• **Task item**: Your task is to restate word for word the lines in the material below, from the one with "Item preview, Camouflage" up to and including the one with "Cutters Ovali per Basi | Utensili da Taglio". Do not carry over the pictures.

• **Stored data**:
+===+
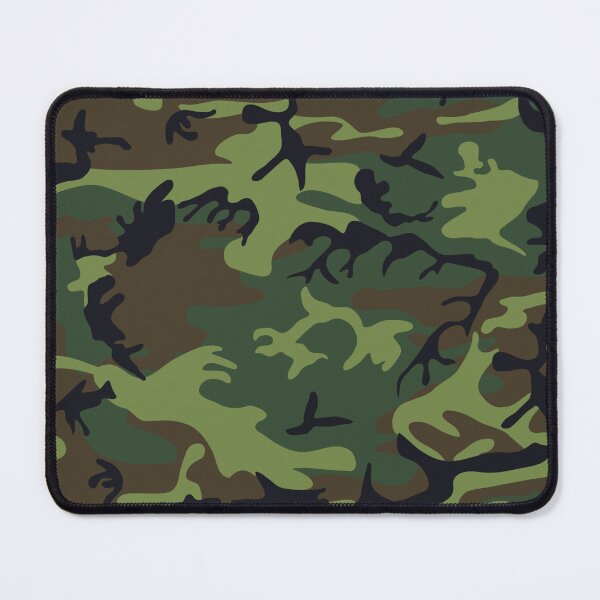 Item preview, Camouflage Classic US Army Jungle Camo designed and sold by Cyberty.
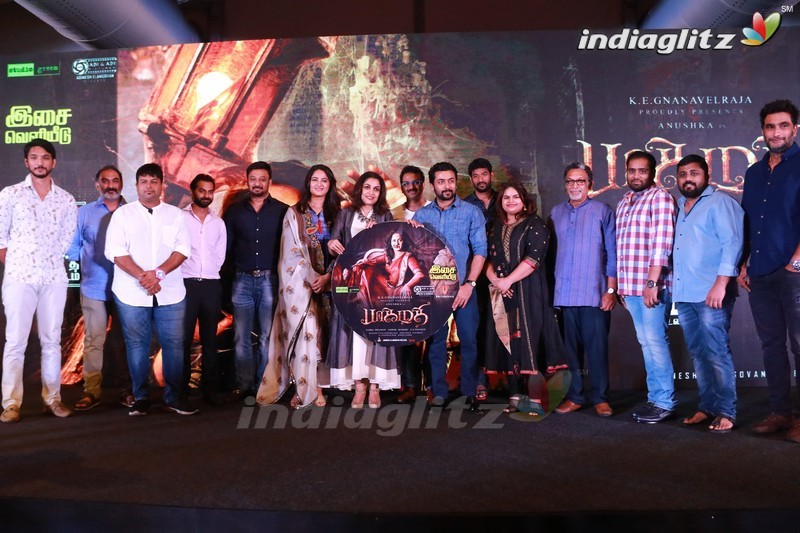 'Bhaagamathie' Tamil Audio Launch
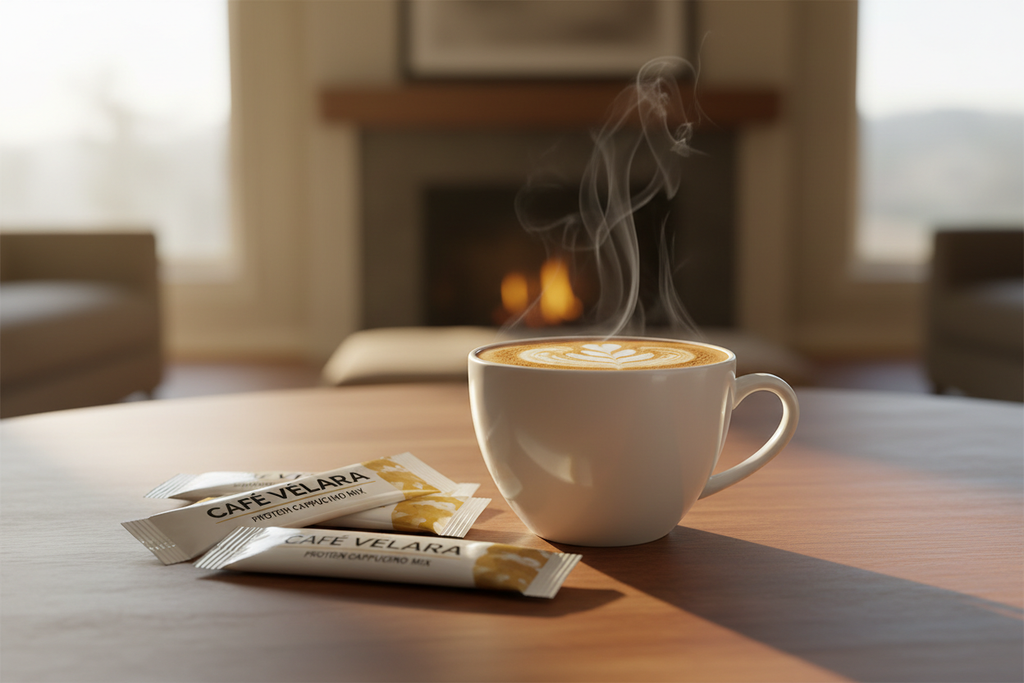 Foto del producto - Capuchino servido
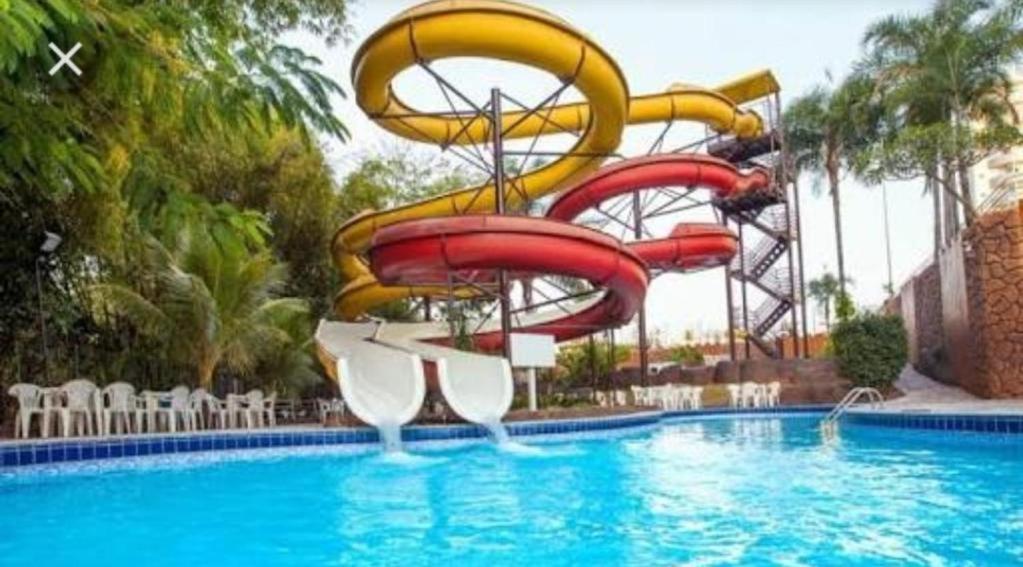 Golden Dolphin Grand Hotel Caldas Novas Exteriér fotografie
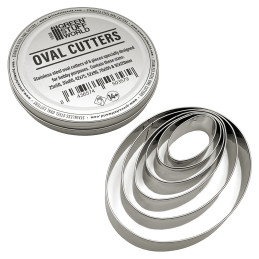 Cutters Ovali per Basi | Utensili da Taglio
+===+
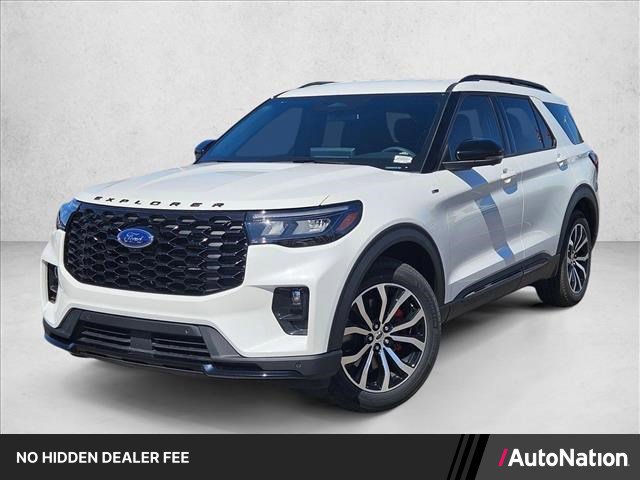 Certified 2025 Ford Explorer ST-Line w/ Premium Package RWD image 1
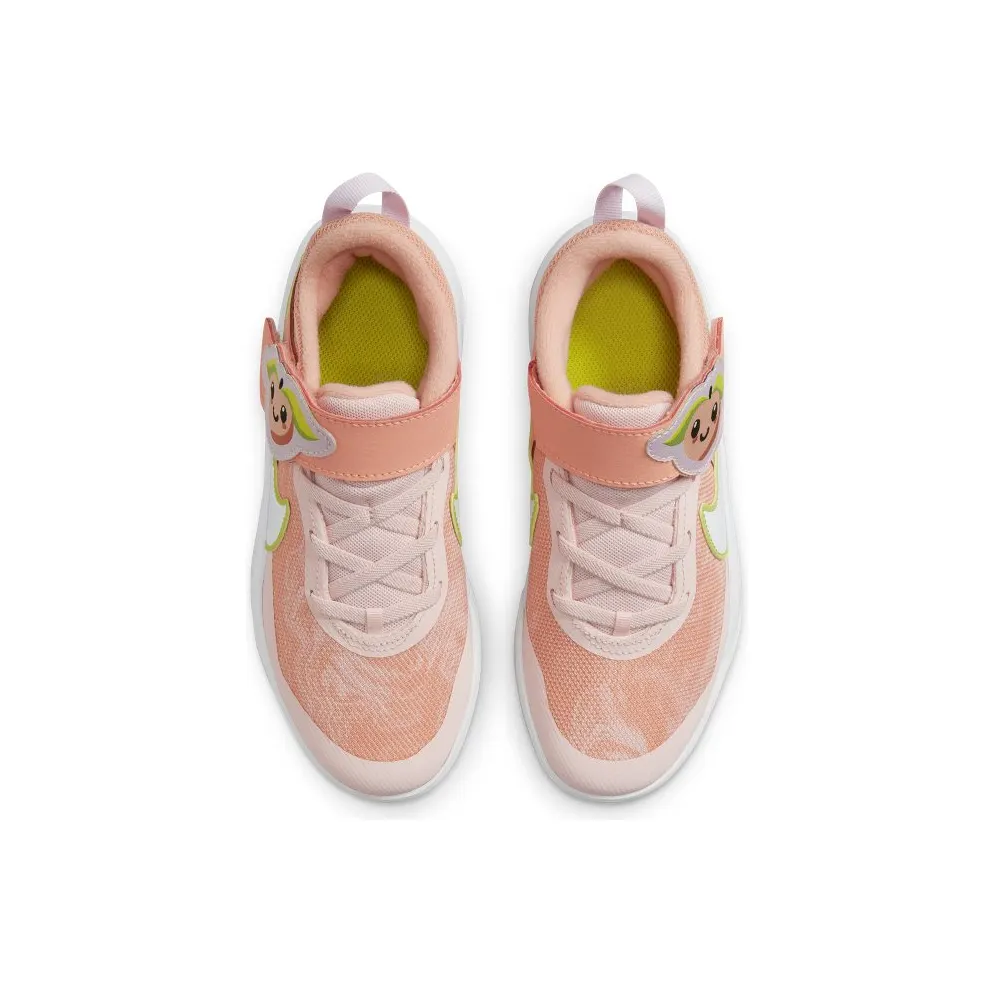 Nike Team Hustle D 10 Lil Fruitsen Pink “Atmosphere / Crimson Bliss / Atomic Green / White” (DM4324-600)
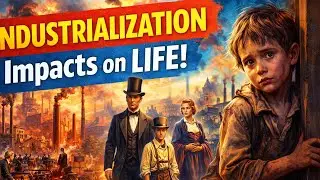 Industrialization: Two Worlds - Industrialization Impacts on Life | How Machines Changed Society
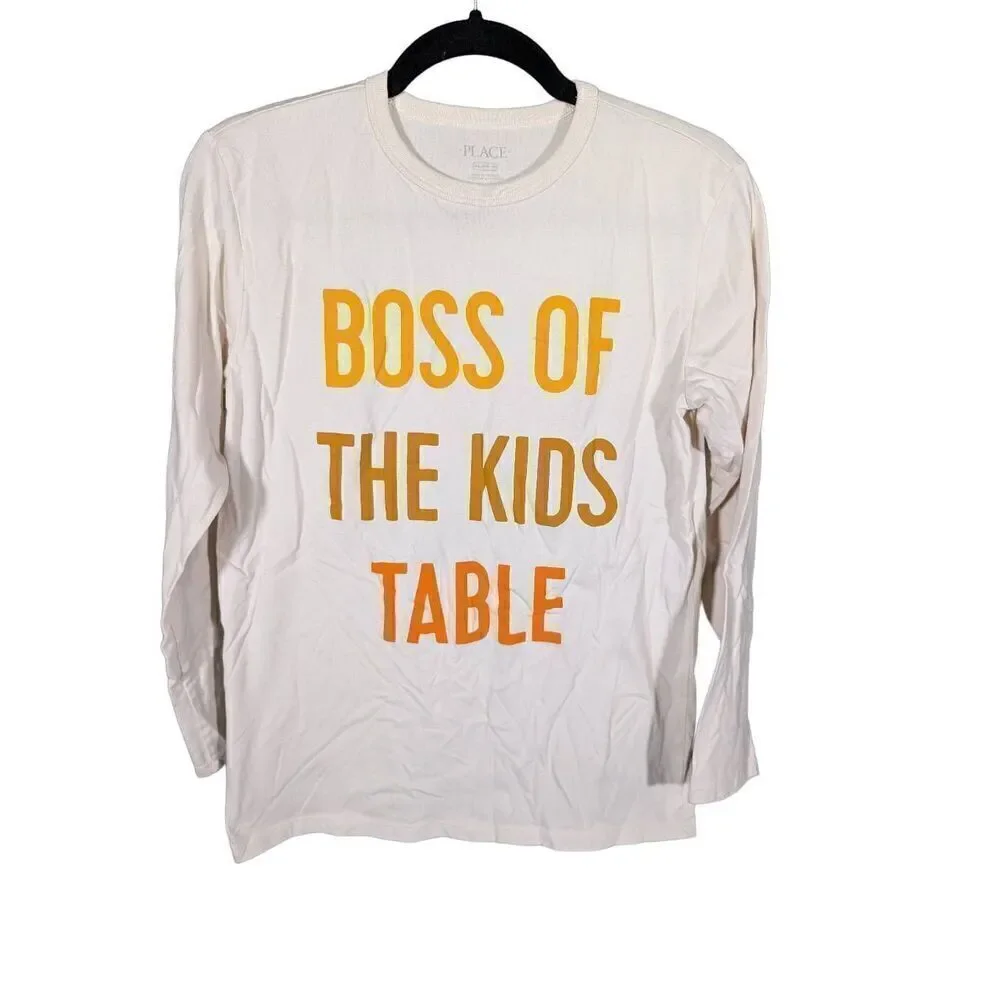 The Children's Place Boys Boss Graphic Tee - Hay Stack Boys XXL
+===+
• **Result**:
 Item preview, Camouflage Classic US Army Jungle Camo designed and sold by Cyberty.
 'Bhaagamathie' Tamil Audio Launch
 Foto del producto - Capuchino servido
 Golden Dolphin Grand Hotel Caldas Novas Exteriér fotografie
 Cutters Ovali per Basi | Utensili da Taglio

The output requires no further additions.